Here's an updated patch with a unit test and javadoc.
There's some code duplication with AvroInputFormat and AvroRecordReader which would be good to eliminate. Do we need to do this? It could be achieved by introducing a common superclass.
The eagle-eyed reviewer will notice that the test trims output lines, since the job introduces a trailing tab character on lines. I couldn't find a way of avoiding this.
- Changing the value type to NullWritable would fix the test, but makes the input format less useful for Streaming, since the input appears with a trailing "(null)" since this is the toString representation of NullWritable instances. (Arguably, Streaming should be fixed to special case NullWritables to ignore them.)

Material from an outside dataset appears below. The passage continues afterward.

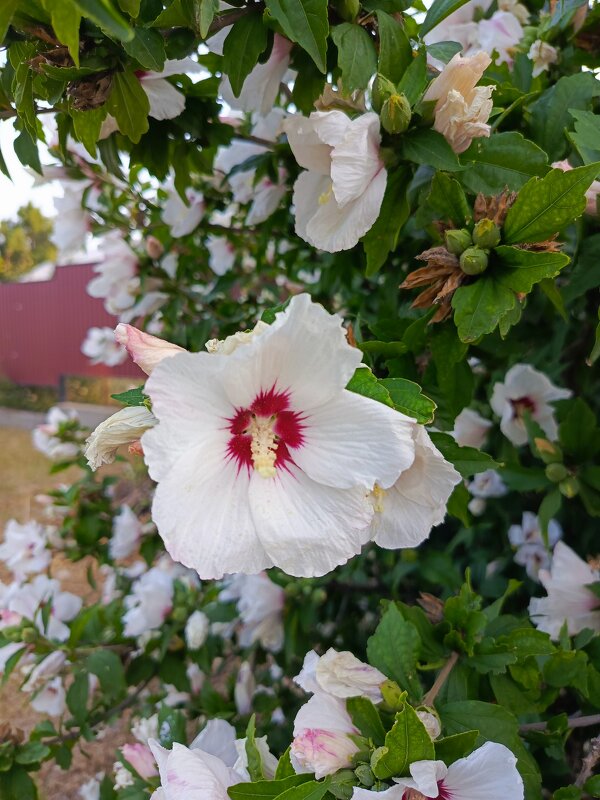 Просто лето - Татьяна Пальчикова Просто лето - Татьяна Пальчикова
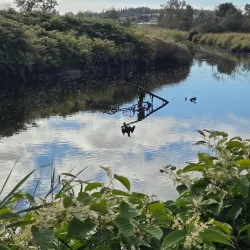 Antigonish Landing Trail - Antigonish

- I thought setting "mapred.textoutputformat.separator" to the empty string would be a workaround, but I found that this is interpreted as null, and hence the default value (a tab) is used. (When a Configuration is written to a file and then read back empty properties are read as null, not as empty strings. This is probably a bug - I haven't investigated further.)
- I thought changing the key to NullWritable and the value to Text might help, by using the ignore key feature in Streaming (
MAPREDUCE-1785). However, this is not desirable for a couple of reasons: it's not available pre-0.22; and also you lose out the sort by key, which is generally expected when using the identity map and reduce.